Sheela-na-gig, Shanrahan, Co. Tipperary
Co. Tipperary |
Ecclesiastical Sites
On the west face of a church tower in Shanrahan, County Tipperary, a small carved figure clings to the wall roughly seven metres above the ground.
The rendering on the surrounding stonework has been brought right up to its edge, as though the figure were simply being tolerated rather than celebrated. It is a sheela-na-gig, one of those deeply curious carved female figures found on medieval Irish churches and castles, typically depicted in a pose that leaves little to the imagination, arms bent at the elbows and hands drawing attention to an exaggerated vulva. Their purpose has been debated for generations, with theories ranging from fertility symbol to apotropaic charm intended to ward off evil. The Shanrahan example is a squat, roughly worked piece, carved in high relief. It has large projecting ears, a barely defined nose, a depressed mouth, and asymmetric eyes, one rendered as a simple hollow, the other as an incised almond shape. The neck is unusually long and thick relative to the compact body, and the short legs are slightly splayed.

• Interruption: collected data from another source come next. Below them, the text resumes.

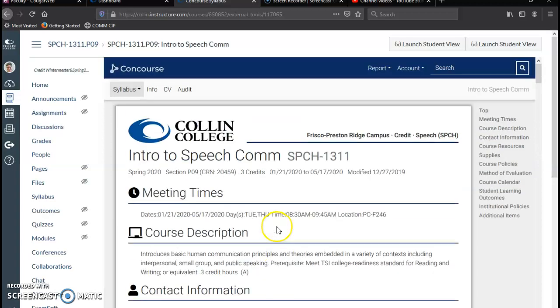So there you go. That's how you import your syllabus from one course to another, and then how you adjust it once you've got it. I hope you found this helpful. If you have any questions, you can always ask the ELC, the Collin E Learning Center.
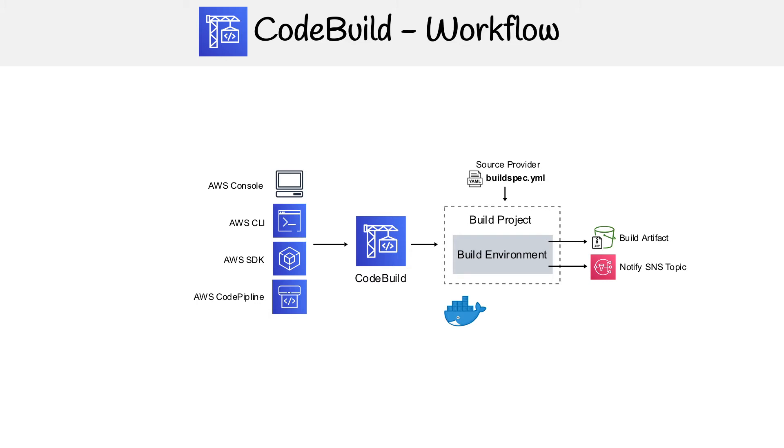After it pulls a source, it's going to pass that on to CodeBuild, and that's how it's going to get triggered. When you set up CodeBuild, you have to set up a build environment.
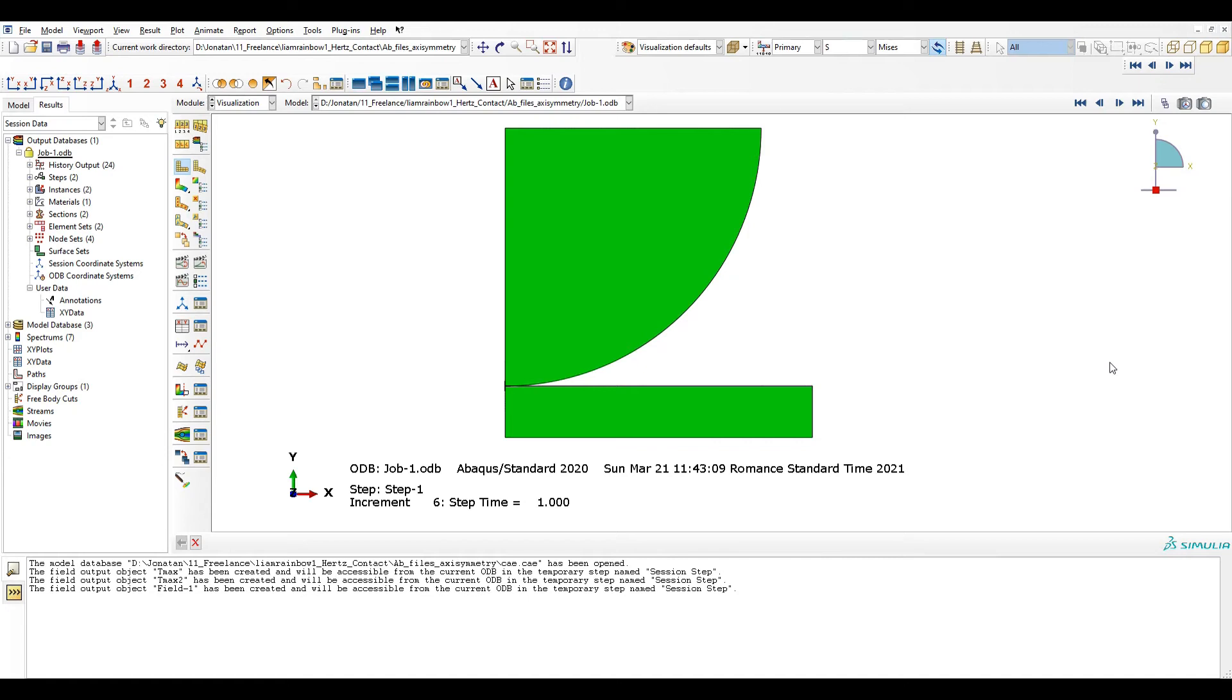Hello to everybody and welcome to this video. Today I would like to show you a powerful tool in order to view output fields in Abaqus.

What makes this particular figure slightly more puzzling than most is that it is almost certainly not where it started out. The tower on which it sits appears to date from the eighteenth century, while the sheela-na-gig itself is thought to be of fifteenth-century origin. Somewhere between those two periods it was displaced and reset into the later structure, a common enough fate for carved stones that were too significant, or perhaps too unsettling, simply to discard. The figure sits immediately below a blocked opening at second-floor level, which suggests it was incorporated into the tower fabric during construction rather than appended later. There is also a second sheela-na-gig at the site, positioned on the east gable of the church itself, making Shanrahan one of the relatively rare places where two of these figures survive in close proximity.